Just a bit more info. Under the equipment section on the directv website, its says that my receiver is not connected to the internet. Also when I try to setup recording from the website, the site says it is unavailable.


----------



## Laxguy (Dec 2, 2010)

It might be easier for you to go through Network setup manually. No need to change anything, but it sometimes connects.


----------



## elmerPHuD (Jul 13, 2013)

Here is what my Network area under the Test & Info page looks like


----------



## Starrbuck (Jun 25, 2004)

Looks like you need to connect the HR44 to your network, either wirelessly or via ethernet.


----------



## The Merg (Jun 24, 2007)

Starrbuck said:


> Looks like you need to connect the HR44 to your network, either wirelessly or via ethernet.

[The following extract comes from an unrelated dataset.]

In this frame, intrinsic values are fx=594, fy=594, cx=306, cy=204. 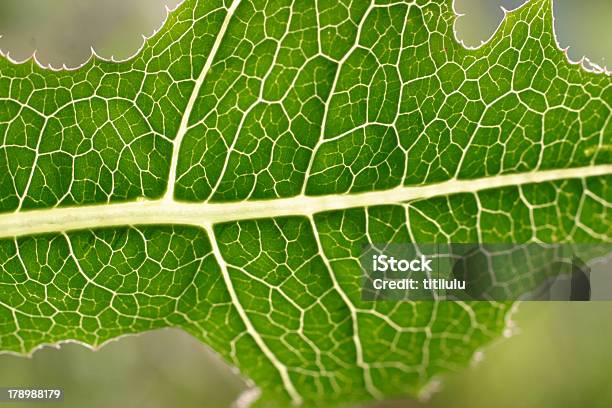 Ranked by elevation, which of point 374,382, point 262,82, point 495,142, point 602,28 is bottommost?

According to the OP's settings, it is connected to their home network. Airports use the 10.1.x.x range for the home network, which is what the OP's settings show. The Wireless setting is whether the HR44's wireless settings are configured to connect to the network. The Ethernet setting is whether an ethernet cable is directly connected to the HR44. The MoCA Network setting shows that it is using the coax to connect to other devices and the DECA the OP has installed is connecting the HR44 back to their home network.

- Merg

Sent from my iPad using DBSTalk mobile app


----------



## The Merg (Jun 24, 2007)

Here is what my Network area under the Test & Info page looks like










Try connecting to YouTube via the HR44. Perform a Smart Search and select YouTube from the results. See if it will playback a video. If it does, your HR44 is connecting to your network and is seeing the Internet just fine. Let us know about that and we'll go from there.

You can also try Laxguy's suggestion of resetting the network setup to see if things start to work correctly.

- Merg

Sent from my iPad using DBSTalk mobile app


----------



## Starrbuck (Jun 25, 2004)

The Merg said:


> According to the OP's settings, it is connected to their home network.


If Wireless and Ethernet both say they are not connected/configured, I don't see how, unless there is another device on the MoCA network that it is connecting thru. My HR44 is connected to my network via the ethernet port and works great.


----------



## The Merg (Jun 24, 2007)

If Wireless and Ethernet both say they are not connected/configured, I don't see how, unless there is another device on the MoCA network that it is connecting thru. My HR44 is connected to my network via the ethernet port and works great.


The OP's first post stated that the installer hooked up a DECA, which would be how to connect the MoCA network to the home network.


- Merg

Sent from my iPad using DBSTalk mobile app


----------



## Starrbuck (Jun 25, 2004)

The Merg said:


> The OP's first post stated that the installer hooked up a DECA, which would be how to connect the MoCA network to the home network.
> 
> - Merg
> 
> Sent from my iPad using DBSTalk mobile app


Fascinating!!!


----------



## joshjr (Aug 2, 2008)

Anyone know if the newer version 2.5.2 works on jailbroken phones with xcon still? Would rather know before updating this time.


----------



## peds48 (Jan 11, 2008)

joshjr said:


> Anyone know if the newer version 2.5.2 works on jailbroken phones with xcon still? Would rather know before updating this time.


Yes


----------